■ Data supplied
▬▬▬▬▬▬▬▬▬▬

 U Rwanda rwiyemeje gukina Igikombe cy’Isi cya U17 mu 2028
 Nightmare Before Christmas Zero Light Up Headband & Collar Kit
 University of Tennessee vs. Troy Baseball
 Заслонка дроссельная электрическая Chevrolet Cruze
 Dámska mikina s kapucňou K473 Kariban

▬▬▬▬▬▬▬▬▬▬

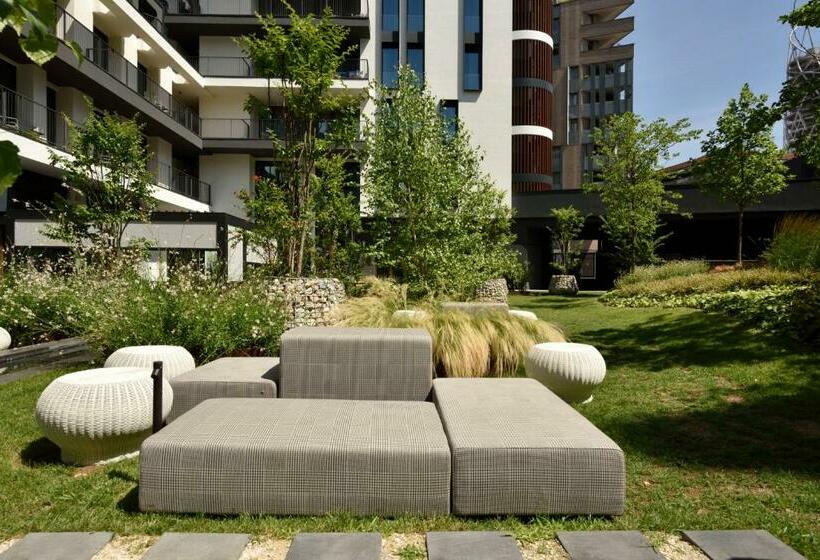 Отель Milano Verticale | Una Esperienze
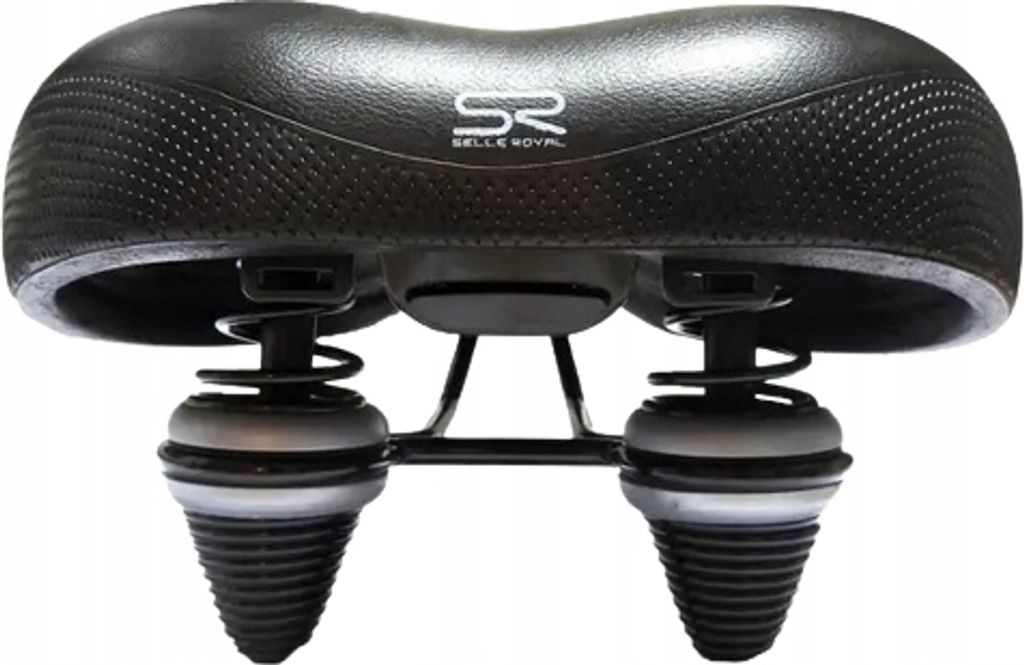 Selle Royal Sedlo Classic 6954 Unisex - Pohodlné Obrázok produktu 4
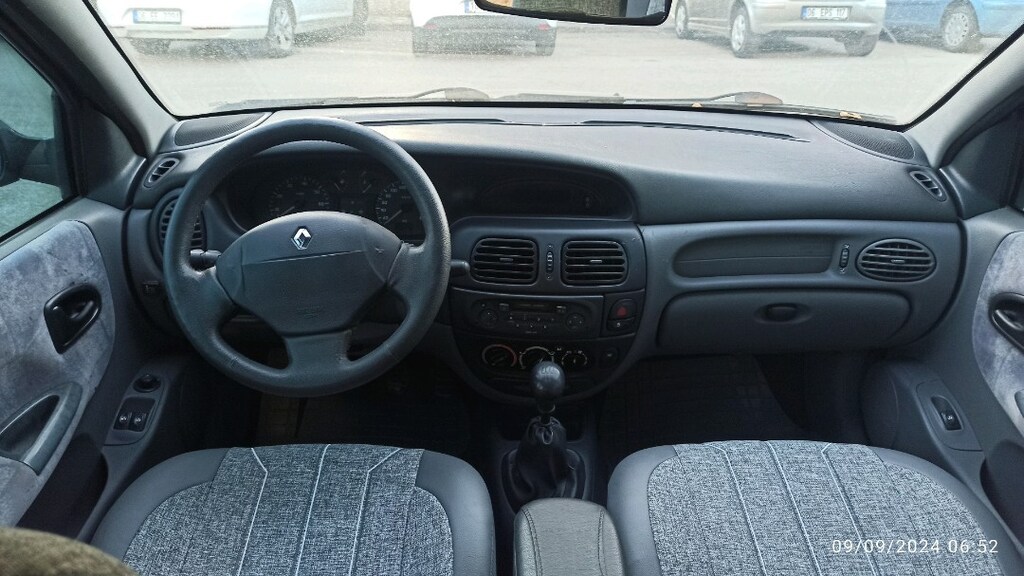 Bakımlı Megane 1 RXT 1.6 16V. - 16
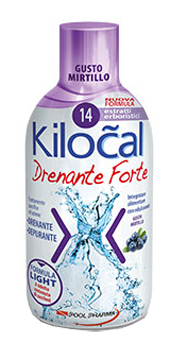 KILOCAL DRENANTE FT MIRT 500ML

▬▬▬▬▬▬▬▬▬▬

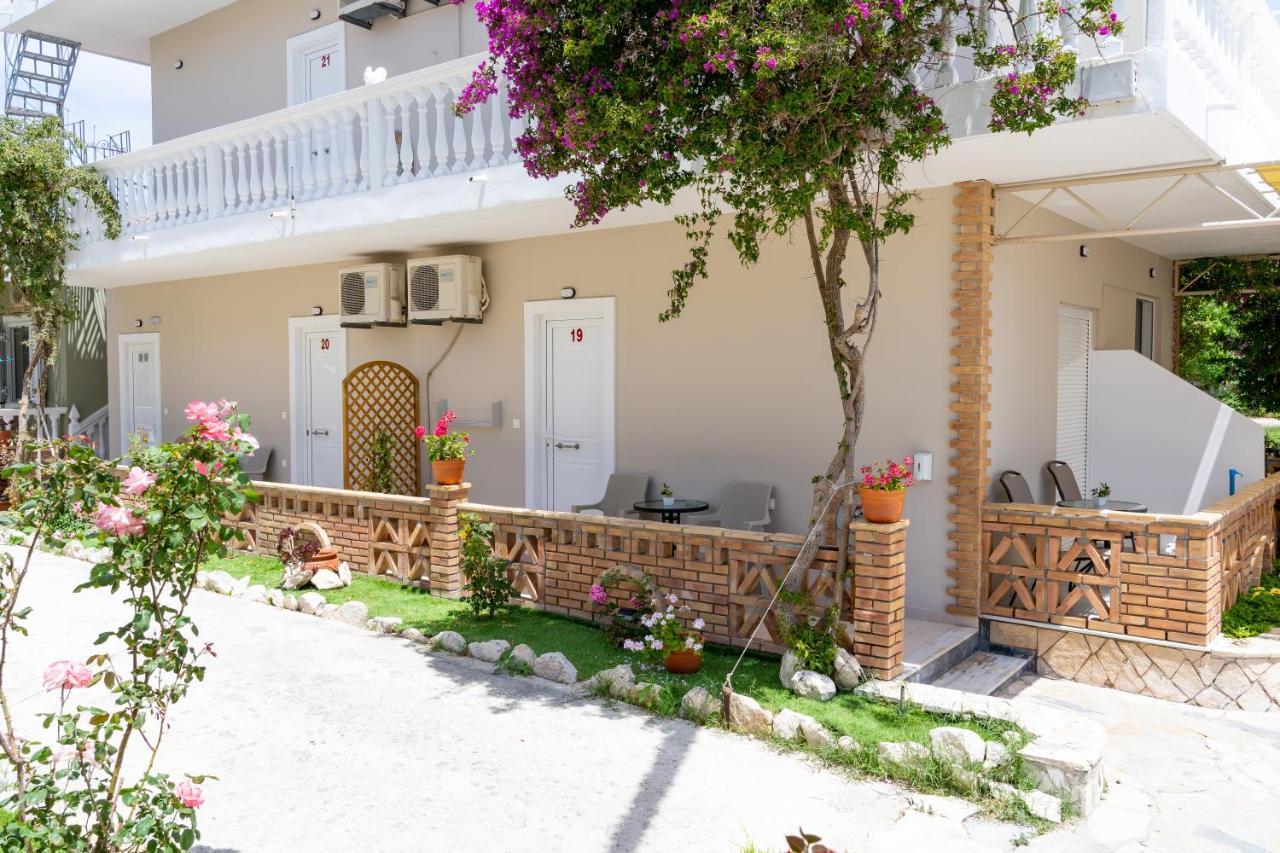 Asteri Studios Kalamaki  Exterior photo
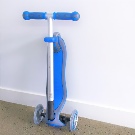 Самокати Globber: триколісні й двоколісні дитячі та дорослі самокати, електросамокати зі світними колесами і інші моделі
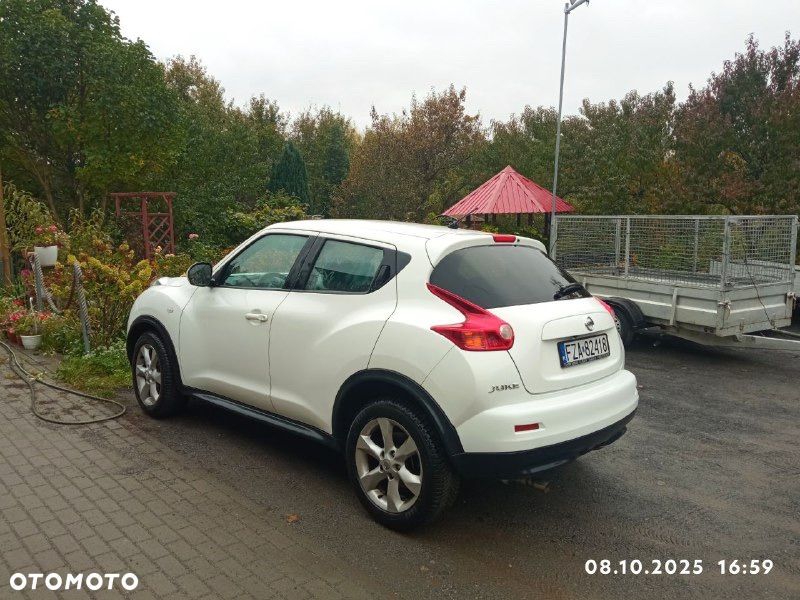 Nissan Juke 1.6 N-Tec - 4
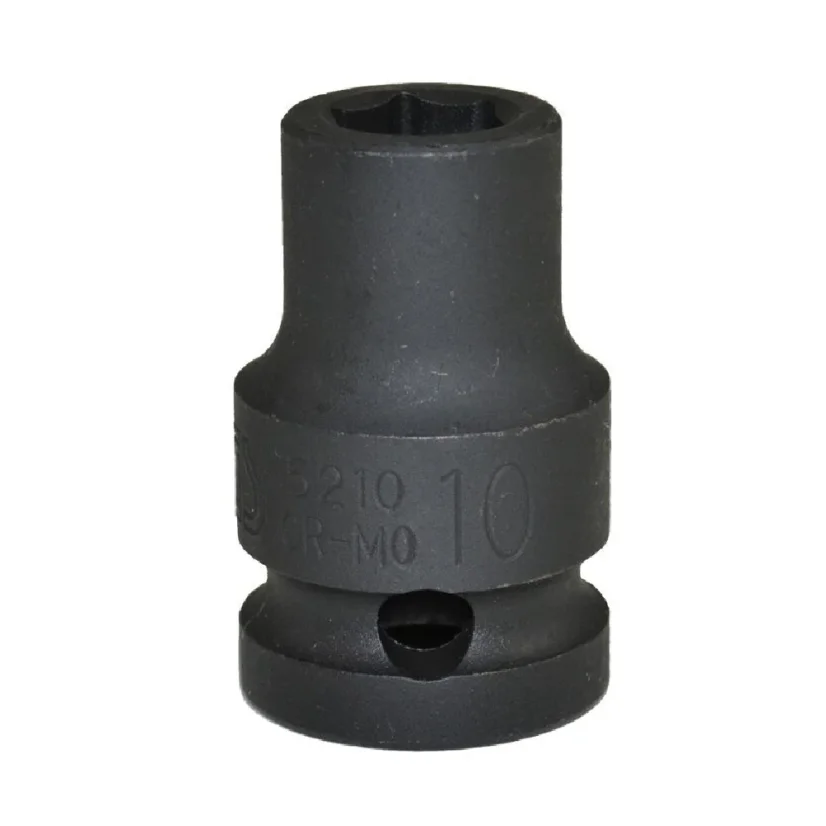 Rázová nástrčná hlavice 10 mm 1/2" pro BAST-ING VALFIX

▬▬▬▬▬▬▬▬▬▬

The line holding "Отель Milano Verticale | Una Esperienze" starts the copy and the line holding "KILOCAL DRENANTE FT MIRT 500ML" ends it. Repeat those two lines above and all between them exactly, leaving out pictures.

■ Finished task
 Отель Milano Verticale | Una Esperienze
 Selle Royal Sedlo Classic 6954 Unisex - Pohodlné Obrázok produktu 4
 Bakımlı Megane 1 RXT 1.6 16V. - 16
 KILOCAL DRENANTE FT MIRT 500ML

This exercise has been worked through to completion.